Take Particularly Enthusiastic Chemist, for example. He helps me with introductory organic chemistry. But could I help him while he studies for graduate-level chem classes? Could I help my physics major friend while he psets for Quantum II?
SURE! – if by “help” you mean “smile at”. Otherwise, I’m totally useless. These upperclassmen give, and give, and give – and I have nothing to give back.
I expressed this concern to Particularly Enthusiastic Chemist, and he laughed at me. “You have no idea,” he told me, “how often I asked [insert Math Major’s name here] for help with [some math class with a fancy name that I don’t know anything about]. Like…it was every second. I wouldn’t have been able to do a single problem on my psets without him. I didn’t even know what the problems were asking without him. I felt really bad because I could never help him with anything, so I’m paying him back by doing the same thing for others.”
“Oh, I see!” I said, not seeing at all, and thinking about how guilty I felt.
Fast forward to last night. I was kneeling on the floor of my room, helping a freshman with a couple of 8.01 problems. The whiteboard in my room was covered with equations describing projectile motion. As we arrived at the answer, she thanked me and said that she felt bad; “you must be busy too! I feel bad for using up your time!”

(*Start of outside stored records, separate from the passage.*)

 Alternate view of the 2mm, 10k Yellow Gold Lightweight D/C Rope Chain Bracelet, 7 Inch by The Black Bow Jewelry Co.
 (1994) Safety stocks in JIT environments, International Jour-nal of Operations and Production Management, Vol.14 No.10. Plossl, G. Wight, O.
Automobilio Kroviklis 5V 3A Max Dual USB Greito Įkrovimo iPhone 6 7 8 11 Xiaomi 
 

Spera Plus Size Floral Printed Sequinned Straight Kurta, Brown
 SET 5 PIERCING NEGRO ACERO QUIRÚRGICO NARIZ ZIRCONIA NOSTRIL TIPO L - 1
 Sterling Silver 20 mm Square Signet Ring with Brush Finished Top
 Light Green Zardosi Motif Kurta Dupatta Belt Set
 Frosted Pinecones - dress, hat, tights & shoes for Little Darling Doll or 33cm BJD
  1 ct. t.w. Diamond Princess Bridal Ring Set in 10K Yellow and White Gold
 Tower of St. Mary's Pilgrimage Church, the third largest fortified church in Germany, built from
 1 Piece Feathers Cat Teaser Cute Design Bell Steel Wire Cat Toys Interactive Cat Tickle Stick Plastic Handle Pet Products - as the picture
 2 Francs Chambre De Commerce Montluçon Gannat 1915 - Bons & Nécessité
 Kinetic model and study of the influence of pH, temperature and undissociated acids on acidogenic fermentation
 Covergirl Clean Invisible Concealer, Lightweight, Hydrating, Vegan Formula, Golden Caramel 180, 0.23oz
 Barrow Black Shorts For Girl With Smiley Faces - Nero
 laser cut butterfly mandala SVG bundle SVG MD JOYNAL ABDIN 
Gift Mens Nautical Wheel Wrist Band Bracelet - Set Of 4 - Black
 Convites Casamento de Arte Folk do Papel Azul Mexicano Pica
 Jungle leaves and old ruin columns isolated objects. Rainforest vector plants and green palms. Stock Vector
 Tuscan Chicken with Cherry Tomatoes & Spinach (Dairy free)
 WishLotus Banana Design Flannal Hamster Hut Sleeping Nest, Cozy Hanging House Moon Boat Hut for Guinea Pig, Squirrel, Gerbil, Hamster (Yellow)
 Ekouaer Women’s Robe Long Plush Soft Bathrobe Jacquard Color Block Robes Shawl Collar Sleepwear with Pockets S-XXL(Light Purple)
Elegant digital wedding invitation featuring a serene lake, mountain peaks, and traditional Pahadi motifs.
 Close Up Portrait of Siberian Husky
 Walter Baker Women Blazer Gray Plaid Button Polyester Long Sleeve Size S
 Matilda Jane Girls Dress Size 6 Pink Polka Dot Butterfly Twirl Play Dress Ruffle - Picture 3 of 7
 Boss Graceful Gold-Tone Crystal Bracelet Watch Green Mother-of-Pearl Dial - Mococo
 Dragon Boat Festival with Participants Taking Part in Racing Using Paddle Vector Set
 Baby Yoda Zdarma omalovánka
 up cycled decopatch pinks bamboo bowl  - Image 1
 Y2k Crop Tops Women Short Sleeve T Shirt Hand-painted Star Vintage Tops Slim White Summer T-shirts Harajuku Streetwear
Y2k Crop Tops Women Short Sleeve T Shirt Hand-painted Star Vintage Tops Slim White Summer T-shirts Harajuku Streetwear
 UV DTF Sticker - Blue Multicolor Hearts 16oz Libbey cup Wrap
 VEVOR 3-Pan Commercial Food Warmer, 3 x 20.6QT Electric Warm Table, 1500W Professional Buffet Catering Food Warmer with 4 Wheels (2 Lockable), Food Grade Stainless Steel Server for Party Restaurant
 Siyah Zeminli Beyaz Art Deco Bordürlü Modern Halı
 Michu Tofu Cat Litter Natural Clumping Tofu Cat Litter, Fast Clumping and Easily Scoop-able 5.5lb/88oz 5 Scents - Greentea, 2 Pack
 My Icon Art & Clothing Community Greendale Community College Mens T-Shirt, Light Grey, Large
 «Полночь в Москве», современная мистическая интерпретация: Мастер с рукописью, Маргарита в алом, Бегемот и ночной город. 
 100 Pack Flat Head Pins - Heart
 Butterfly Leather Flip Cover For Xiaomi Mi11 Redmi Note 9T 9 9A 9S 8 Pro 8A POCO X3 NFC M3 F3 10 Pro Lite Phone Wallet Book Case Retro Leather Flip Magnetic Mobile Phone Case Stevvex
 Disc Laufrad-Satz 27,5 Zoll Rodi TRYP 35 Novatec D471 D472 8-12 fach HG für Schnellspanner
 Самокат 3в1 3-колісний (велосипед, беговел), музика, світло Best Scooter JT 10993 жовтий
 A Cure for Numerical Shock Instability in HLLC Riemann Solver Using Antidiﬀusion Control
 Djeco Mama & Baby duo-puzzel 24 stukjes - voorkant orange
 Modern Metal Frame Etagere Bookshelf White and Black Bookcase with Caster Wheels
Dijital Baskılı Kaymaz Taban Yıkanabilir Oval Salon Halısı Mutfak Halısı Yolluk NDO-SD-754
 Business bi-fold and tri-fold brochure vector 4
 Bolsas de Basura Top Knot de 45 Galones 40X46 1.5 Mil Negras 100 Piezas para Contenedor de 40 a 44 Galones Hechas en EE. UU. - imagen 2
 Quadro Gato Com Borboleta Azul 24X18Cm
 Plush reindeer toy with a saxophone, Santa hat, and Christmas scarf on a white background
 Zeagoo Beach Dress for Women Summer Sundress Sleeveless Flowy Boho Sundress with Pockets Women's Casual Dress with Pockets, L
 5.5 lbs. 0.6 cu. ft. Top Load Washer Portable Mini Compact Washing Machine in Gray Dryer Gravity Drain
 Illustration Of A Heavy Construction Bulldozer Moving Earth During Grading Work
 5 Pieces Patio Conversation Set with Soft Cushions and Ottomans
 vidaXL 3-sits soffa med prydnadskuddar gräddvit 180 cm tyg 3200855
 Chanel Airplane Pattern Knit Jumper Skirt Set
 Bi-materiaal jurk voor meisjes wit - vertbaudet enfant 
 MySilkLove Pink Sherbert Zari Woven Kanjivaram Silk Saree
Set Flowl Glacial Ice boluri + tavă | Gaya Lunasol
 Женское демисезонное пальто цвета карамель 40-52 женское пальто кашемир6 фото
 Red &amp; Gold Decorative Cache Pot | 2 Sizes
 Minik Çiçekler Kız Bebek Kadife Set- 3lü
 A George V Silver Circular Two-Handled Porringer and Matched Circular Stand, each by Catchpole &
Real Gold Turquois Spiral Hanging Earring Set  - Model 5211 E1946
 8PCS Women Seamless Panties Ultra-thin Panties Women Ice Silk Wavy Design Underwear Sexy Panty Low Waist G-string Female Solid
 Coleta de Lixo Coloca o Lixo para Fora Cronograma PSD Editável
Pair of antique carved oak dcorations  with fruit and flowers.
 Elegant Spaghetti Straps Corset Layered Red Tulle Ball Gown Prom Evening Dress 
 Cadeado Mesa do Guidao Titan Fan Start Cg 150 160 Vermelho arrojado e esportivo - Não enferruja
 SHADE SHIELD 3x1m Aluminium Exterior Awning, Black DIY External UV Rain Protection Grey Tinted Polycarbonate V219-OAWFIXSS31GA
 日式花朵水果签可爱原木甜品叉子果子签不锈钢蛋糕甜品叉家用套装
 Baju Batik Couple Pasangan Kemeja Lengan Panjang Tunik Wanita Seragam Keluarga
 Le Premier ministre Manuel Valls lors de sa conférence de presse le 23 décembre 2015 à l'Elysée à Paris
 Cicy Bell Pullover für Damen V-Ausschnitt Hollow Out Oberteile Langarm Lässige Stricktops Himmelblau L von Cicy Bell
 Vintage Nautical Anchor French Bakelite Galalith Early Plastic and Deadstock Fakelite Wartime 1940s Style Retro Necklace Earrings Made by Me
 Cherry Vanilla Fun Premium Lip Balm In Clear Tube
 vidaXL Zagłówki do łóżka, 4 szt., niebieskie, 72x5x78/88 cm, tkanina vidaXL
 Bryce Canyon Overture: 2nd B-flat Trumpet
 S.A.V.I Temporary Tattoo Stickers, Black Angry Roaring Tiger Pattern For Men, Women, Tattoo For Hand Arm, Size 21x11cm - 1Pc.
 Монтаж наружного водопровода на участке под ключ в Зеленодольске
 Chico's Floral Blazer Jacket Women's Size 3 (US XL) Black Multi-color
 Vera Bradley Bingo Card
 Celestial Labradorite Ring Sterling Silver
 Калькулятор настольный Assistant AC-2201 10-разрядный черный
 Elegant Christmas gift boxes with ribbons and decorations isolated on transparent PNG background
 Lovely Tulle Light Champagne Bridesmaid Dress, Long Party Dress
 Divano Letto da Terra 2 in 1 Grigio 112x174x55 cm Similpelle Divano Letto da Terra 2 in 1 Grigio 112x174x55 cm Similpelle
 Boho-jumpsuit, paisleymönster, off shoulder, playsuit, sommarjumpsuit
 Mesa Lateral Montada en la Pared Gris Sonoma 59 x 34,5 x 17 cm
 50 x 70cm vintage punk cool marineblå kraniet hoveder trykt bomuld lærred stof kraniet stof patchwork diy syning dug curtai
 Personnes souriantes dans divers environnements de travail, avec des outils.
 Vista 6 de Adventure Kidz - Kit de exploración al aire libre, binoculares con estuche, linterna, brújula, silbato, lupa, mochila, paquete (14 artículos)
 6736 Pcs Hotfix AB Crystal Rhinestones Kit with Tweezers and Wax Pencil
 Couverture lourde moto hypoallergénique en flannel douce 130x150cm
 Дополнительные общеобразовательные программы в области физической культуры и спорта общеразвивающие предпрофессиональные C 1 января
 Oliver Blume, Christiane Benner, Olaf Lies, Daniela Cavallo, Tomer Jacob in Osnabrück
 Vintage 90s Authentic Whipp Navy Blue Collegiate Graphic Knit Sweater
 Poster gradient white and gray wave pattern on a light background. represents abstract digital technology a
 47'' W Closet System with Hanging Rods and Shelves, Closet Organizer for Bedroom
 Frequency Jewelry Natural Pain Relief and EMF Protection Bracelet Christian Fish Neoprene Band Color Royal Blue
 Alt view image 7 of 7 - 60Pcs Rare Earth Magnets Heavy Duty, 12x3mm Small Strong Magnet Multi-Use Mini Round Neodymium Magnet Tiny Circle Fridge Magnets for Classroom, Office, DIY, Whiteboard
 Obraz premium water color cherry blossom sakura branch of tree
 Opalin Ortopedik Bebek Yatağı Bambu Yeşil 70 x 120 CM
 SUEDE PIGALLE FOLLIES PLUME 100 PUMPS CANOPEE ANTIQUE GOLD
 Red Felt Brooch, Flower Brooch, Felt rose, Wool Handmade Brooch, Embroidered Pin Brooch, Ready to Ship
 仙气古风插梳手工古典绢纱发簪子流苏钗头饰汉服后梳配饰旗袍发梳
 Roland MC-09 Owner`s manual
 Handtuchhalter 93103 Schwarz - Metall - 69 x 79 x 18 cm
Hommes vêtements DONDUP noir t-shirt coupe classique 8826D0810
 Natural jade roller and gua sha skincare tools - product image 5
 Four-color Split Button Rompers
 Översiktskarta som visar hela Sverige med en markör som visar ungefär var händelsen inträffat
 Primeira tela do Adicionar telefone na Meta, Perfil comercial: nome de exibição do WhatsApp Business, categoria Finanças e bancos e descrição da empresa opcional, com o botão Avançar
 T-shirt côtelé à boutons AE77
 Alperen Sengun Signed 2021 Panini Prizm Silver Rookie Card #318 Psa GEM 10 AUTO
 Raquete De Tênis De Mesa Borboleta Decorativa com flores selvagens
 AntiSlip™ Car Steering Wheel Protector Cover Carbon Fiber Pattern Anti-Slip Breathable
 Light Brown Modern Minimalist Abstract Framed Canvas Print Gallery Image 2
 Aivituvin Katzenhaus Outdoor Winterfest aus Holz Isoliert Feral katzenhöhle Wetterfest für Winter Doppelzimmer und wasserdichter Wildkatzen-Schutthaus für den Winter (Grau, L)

If she only knew. I laughed, and began explaining that I got help all the time from our resident chemists and physicists – and realized that I was echoing what Particularly Enthusiastic Chemist had been telling me all along. I understood what he meant. Yes, I <3 physics with all my heart. I also happen to have a particular soft spot for projectile motion, and masses and strings and pulleys and ramps. It was more than that, though. After this year, Particularly Enthusiastic Chemist and a big contingent of other upperclassmen who have been tremendously patient and generous and helpful over my first two years will be gone. I’ll never have helped them with a single pset problem. I will never pay them back. Instead, I’ll turn and face the other way: at the freshmen and to-be 2016s and to-be 2017s (AHHHH 2017? I’M SO OLD), and when one of them is stuck on a pset problem at some obscene hour of the morning – watch out, fellow upperclassmen. I will fight you for first dibs on helping.